Satellite-derived estimates of aerosol optical depth (AOD) are key
predictors in particulate air pollution models. The multi-step retrieval
algorithms that estimate AOD also produce quality control variables but these
have not been systematically used to address the measurement error in AOD. We
compare three machine-learning methods: random forests, gradient boosting, and
extreme gradient boosting (XGBoost) to characterize and correct measurement
error in the Multi-Angle Implementation of Atmospheric Correction (MAIAC) 1
× 1 km AOD product for Aqua and Terra satellites across the
Northeastern/Mid-Atlantic USA versus collocated measures from 79 ground-based
AERONET stations over 14 years.

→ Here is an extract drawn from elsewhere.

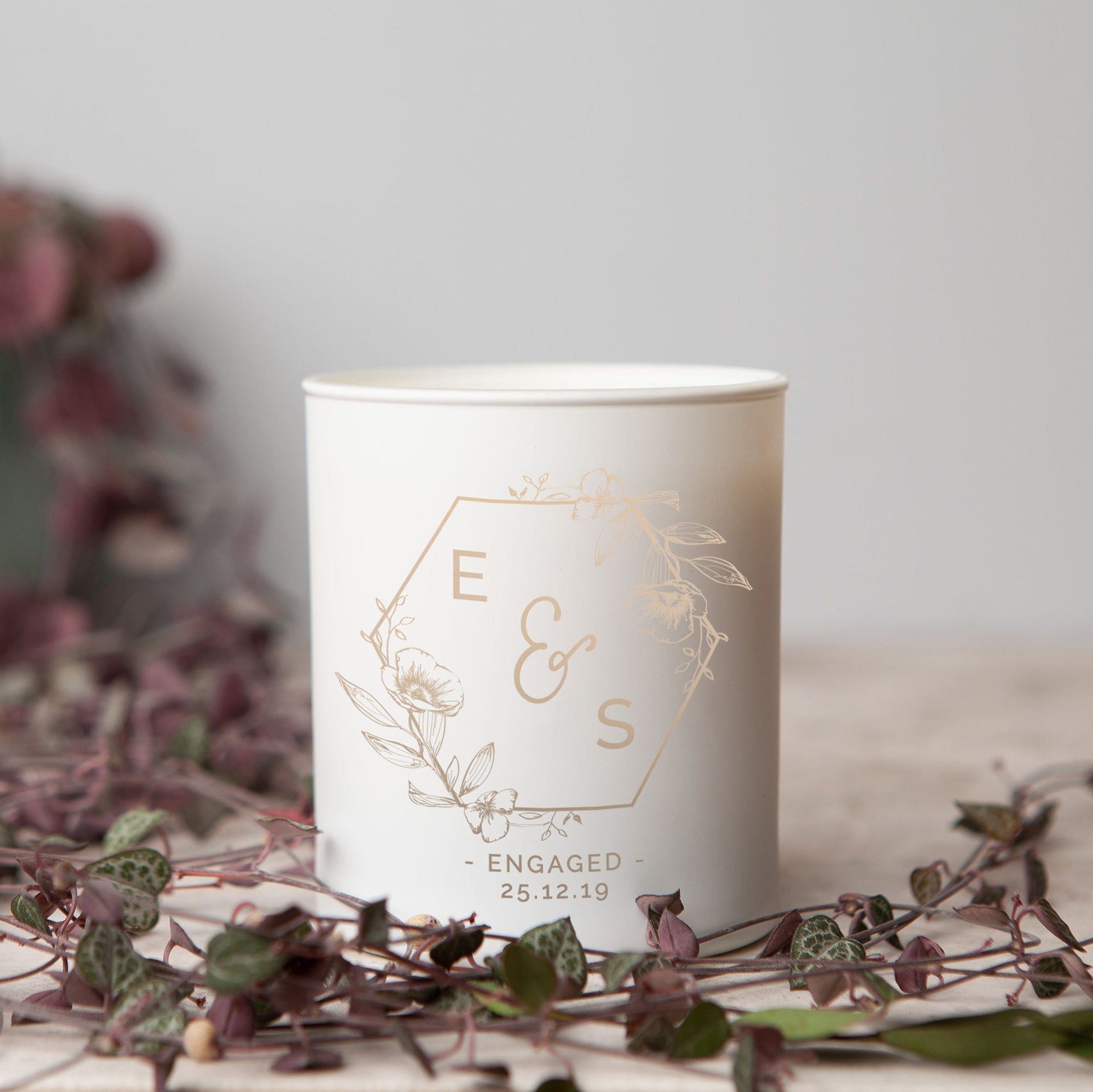 Floral Engagement Gift Candle - Kindred Fires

Models included 52 quality control, land use,
meteorology, and spatially-derived features. Variable importance measures
suggest relative azimuth, AOD uncertainty, and the AOD difference in
30–210 km moving windows are among the most important features for
predicting measurement error. XGBoost outperformed the other machine-learning
approaches, decreasing the root mean squared error in withheld testing data by
43% and 44% for Aqua and Terra. After correction using XGBoost, the correlation
of collocated AOD and daily PM2.5 monitors across the region
increased by 10 and 9 percentage points for Aqua and Terra. We demonstrate how
machine learning with quality control and spatial features substantially
improves satellite-derived AOD products for air pollution modeling.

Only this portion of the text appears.